Create an Iceberg Table
Set table-format=ICEBERG in the table properties, or configure default-table-format=iceberg on the catalog to make all tables Iceberg by default.
The warehouse catalog property must be configured. The table location is derived as warehouse/database/table when no explicit location is specified.

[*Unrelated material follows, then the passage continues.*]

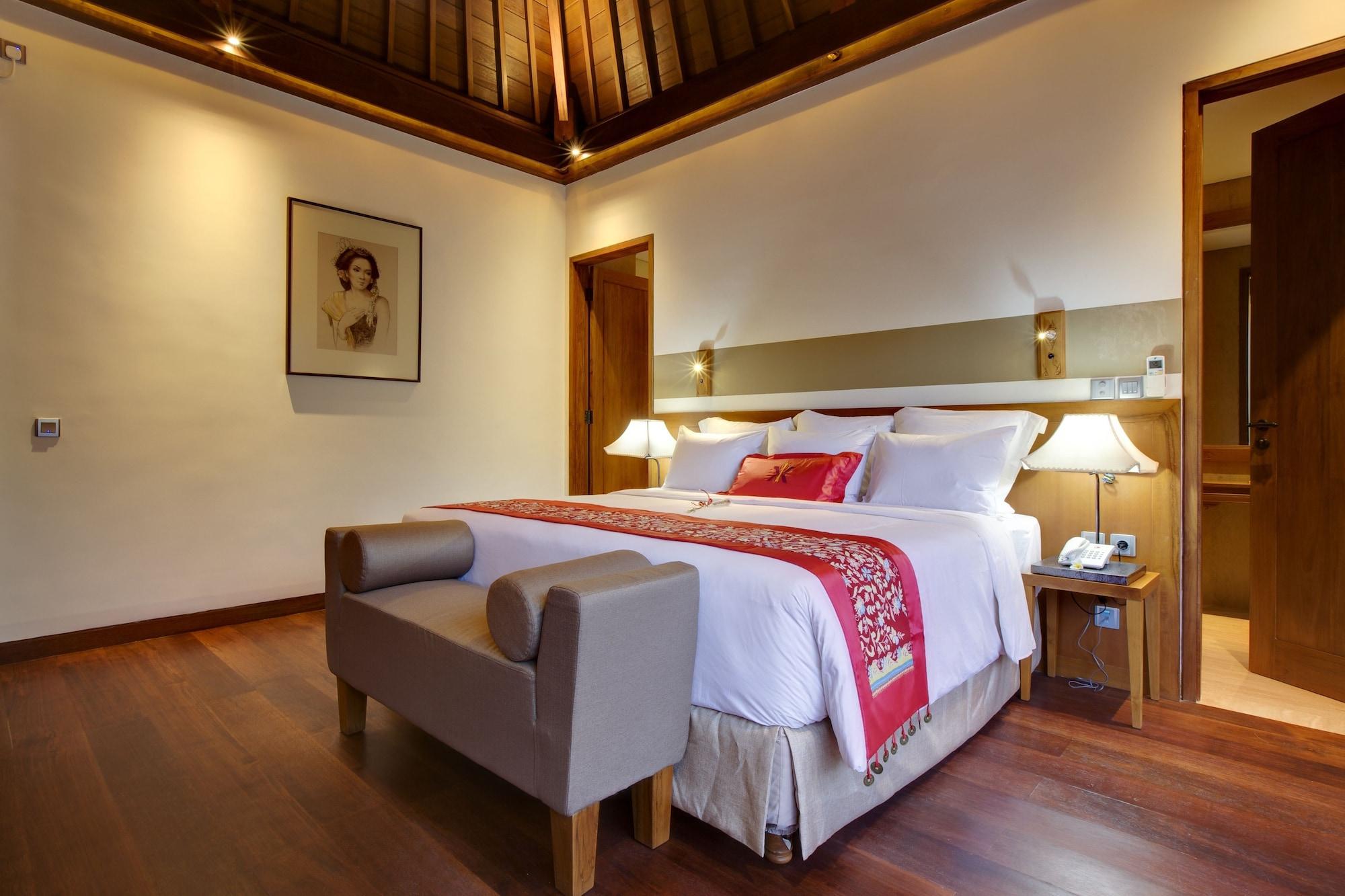 Koenokoeni Villa Seminyak Rum bild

Register an Existing Iceberg Table
To register an Iceberg table that already exists in S3, set metadata_location to the path of the existing metadata.json file during createTable(). In this mode, Gravitino registers the table in Glue without creating new metadata.
Iceberg Column Types
Iceberg tables use the Iceberg type system, which differs from Hive types. The following table lists the Gravitino types supported for Iceberg tables and how they map to Iceberg types:
| Gravitino Data Type | Iceberg Data Type | Notes |
|---|---|---|
boolean | boolean | |
byte | int | Widened to 32-bit integer |
short | int | Widened to 32-bit integer |
integer | int | |
long | long | |
float | float | |
double | double | |
decimal(p, s) | decimal(p, s) | |
string | string | |
varchar | string | Iceberg has no variable-length char types |
char | string | Iceberg has no variable-length char types |
date | date | |
time(6) | time | Only microsecond precision (6) is supported |
timestamp(6) | timestamp | Only microsecond precision (6) is supported |
timestamptz(6) | timestamptz | Only microsecond precision (6) is supported |
binary | binary | |
fixed(n) | binary | Mapped to variable-length binary |
uuid | uuid | |
list | list | |
map | map | |
struct | struct |
Iceberg Table Alter Operations
For Iceberg tables, the following alter operations are supported:
| Operation | Gravitino Table Update Request |
|---|---|
| Add column | Add a column |
| Delete column | Delete a column |
| Rename column | Rename a column |
| Update column type | Update the type of a column |
| Update column comment | Update the column comment |
| Update column nullability | Update column nullability |
| Set table property | Set a table property |
| Remove table property | Remove a table property |
Schema changes and property changes are committed in two separate Iceberg transactions. If the schema commit succeeds but the property commit fails, the table is left in a partially altered state.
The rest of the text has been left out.